Что обычно удерживало людей от причинения вреда другим? Это нравственность. Или попросту говоря, эмоции. И он провел так много времени, говоря ей, что причина не в этом. Не для него.
— Я благодарна в любом случае.
— Хорошо. — Эшвин коснулся ее в последний раз, прежде чем снова опустить руку. — Я должен позволить тебе закончить. Нас обоих ждут на поминках.
— Верно.
Коре все еще нужно было в полной мере оценить ущерб ранения и начать процедуру регенерации, пройти через кропотливый процесс восстановления поврежденных тканей…
И сейчас у нее в голове все смешалось не только от откровений, но и от возможностей. Если Эшвин собирается остаться здесь, если он собирается придерживаться намеченного…
Нет. Она постаралась отключиться от мыслей, заставляя себя сосредоточиться на работе своих рук. Кора не могла позволить себе отвлекаться на вопросы о зыбком будущем, а не о реальном прошлом, о том, что было между ними.
На карту поставлено гораздо больше, чем его здоровье.
Речь шла о ее сердце.
«««§» ««
Эшвин привык к дискомфорту технологии регенерации.
Он даже не мог вспомнить, когда в первый раз испытал это. В хронологии самых ранних воспоминаниях было довольно трудно разобраться, но ему было не больше шести или семи лет. Неудачное падение или драка с другим подготовишкой привели к этой первой поездке, во время которой он смог увидеть врачей в белых халатах.
Вынужденный рост новых клеток причинял боль. Гражданским лицам всегда предлагали какое-нибудь обезболивающее, но на Базе хотели, чтобы их солдаты Махаи развивали терпимость к боли с ранних лет. На протяжении многих лет Эшвина так часто отправляли обратно в госпиталь, что врач однажды пошутил, мол, у него не осталось из собственных натуральных клеток ни в одной из частей тела.
Технология была новой. И незабываемый взгляд Эшвина вылечил врача-балагура от попыток шутить с солдатами Махаи.
Koрa всегда отличалась от них. Его пустой, невозмутимый взгляд никогда не мешал ей рассказывать анекдоты, как и протоколы Базы никогда раньше не останавливали от попыток делать все возможное, чтобы смягчить его боль.
Здесь, в Секторе 1, девушка была свободна от холодных правил и ограничений Базы. Под защитой Гидеона, и с его поддержкой, ее умение процветало.

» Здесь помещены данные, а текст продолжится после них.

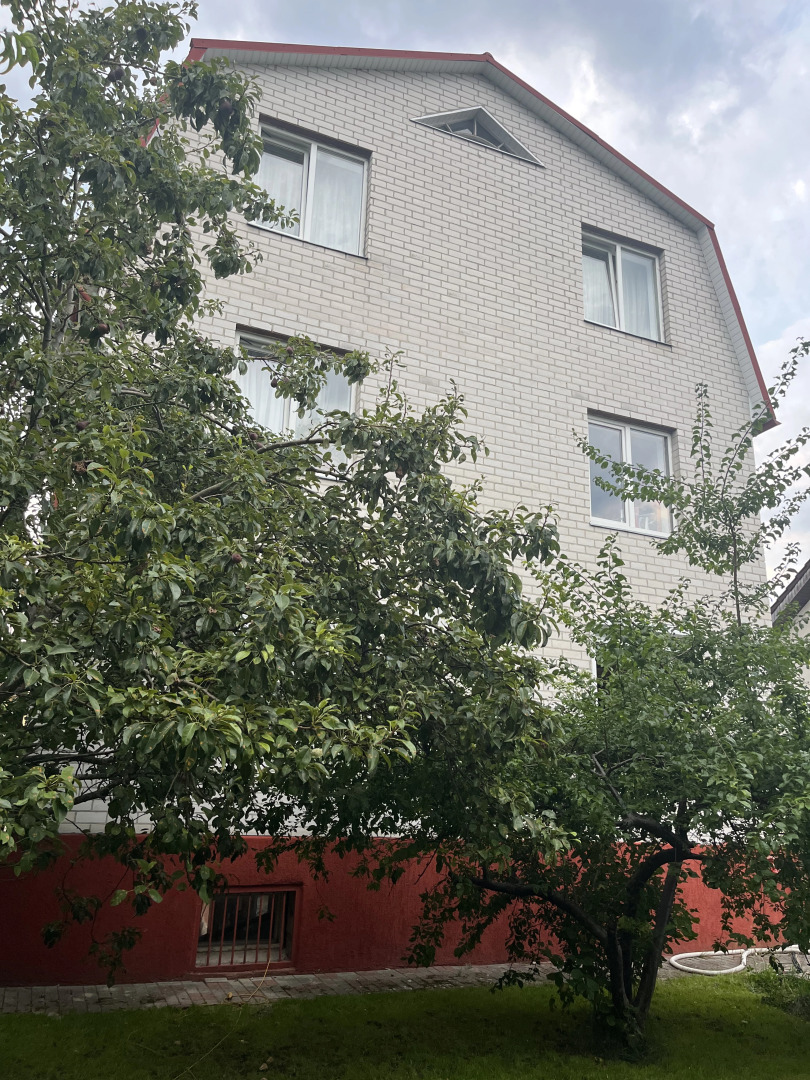 Частный дом с бассейном, сауной и камином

Нежная боль оказалась единственным сувениром, который принесла пуля, попавшая в плечо. Эшвин прикоснулся к месту ранения, когда одевался, не понимая, почему новая кожа настолько чувствительна. Может быть, предчувствие? Возможно, предвкушение. Он мог представить, как Кора прикасается к нему в этом месте, как ее брови озабоченно хмурятся. Кончики пальцев прослеживают границы вновь исцеленной кожи, как они делали это десятки раз. Никакого безразличия и отстраненности. Всегда нежность и забота.

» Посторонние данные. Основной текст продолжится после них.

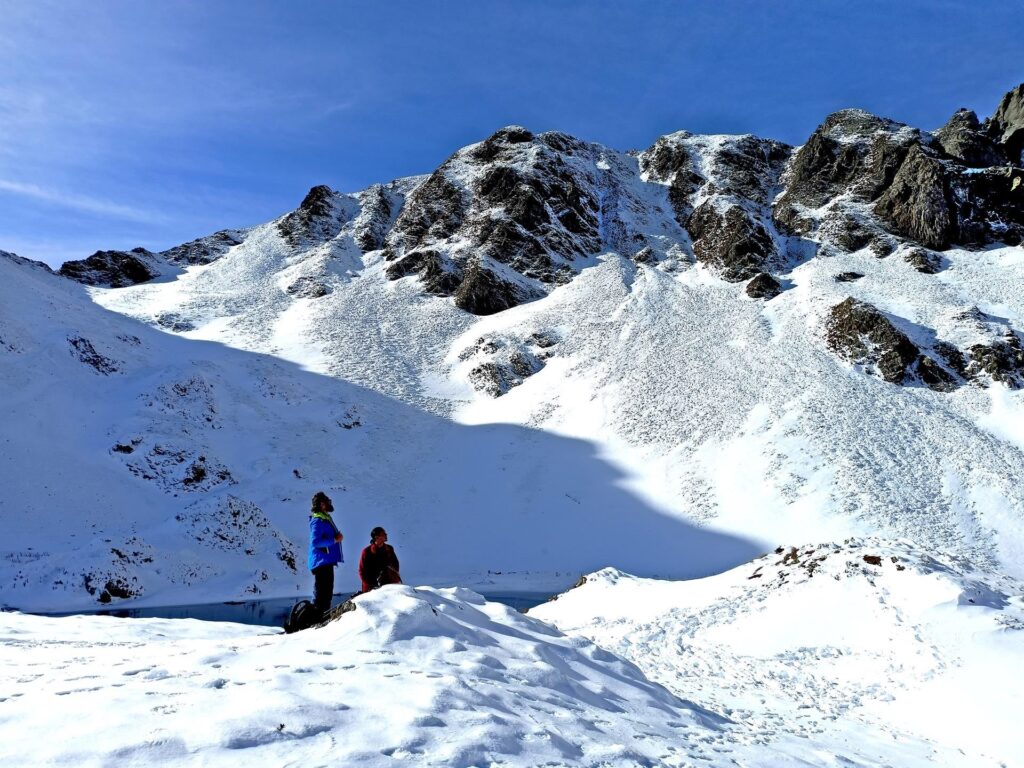 Io e il Niggah ci fermiamo a gustare la vista verso il Monte Valletto. Erica invece proseguirà verso il secondo lago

И теперь он знал, как звучит ее голос, когда она кончает.
При всем своем незнании социальных обычаев, Эшвин прекрасно понимал, что это неподходящая мысль. Кроме того, было недопустимо, когда его взгляд как магнитом притягивало к противоположной стороне семейного Храма Риос, где между Мариселой и главной жрицей стояла Koрa. Ее голубые глаза были устремлены на Гидеона, пока он восхвалял Джейдена, и слезы стояли в этих глазах, смачивая ресницы.
Было неуместно представлять ее в экстазе, но это было предпочтительнее, чем душераздирающий спазм в груди, когда он видел ее боль. Не было никакого врага, с которым бы можно было сражаться в этом случае. Невозможно было предпринять никаких действий. Ни одна пуля не заставит держаться от нее подальше.

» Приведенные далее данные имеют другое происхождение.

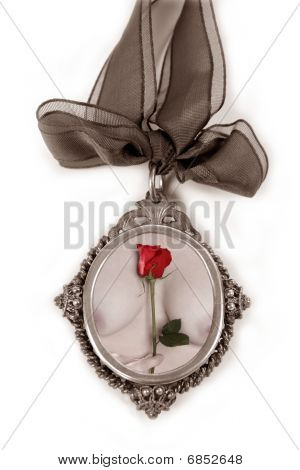 Cameo Silber Medaillon mit Valentines red rose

Ее горе было бесплотным врагом, против которого Эшвин был бессилен.
Девушка на доли секунды подняла взгляд на него, потом склонила голову, и скопившиеся слезы хлынули по ее щекам.
Эшвин отвернулся. Он отвлекал себя пересчетом мышц, которые заставляли его пальцы сгибаться. Поверхностный сгибатель пальцев. Глубокий сгибатель пальцев. Длинный сгибатель большого пальца…
Приглушенный шум женских голосов привлек его внимание. Эшвин перевел свой взгляд — вовремя, чтобы увидеть, как подпоясанные веревками послушницы направляются в сторону Гидеона. Рядом с ним была нарисована фигура Джейдена, украсившая потемневшую оштукатуренную стену. Одна за другой девушки целовали кончики пальцев и прижимали их к рисунку. Потом последовали сестры Гидеона, и следом за ними Koрa. Пальцы девушки дрожали, когда она осторожно коснулась стены.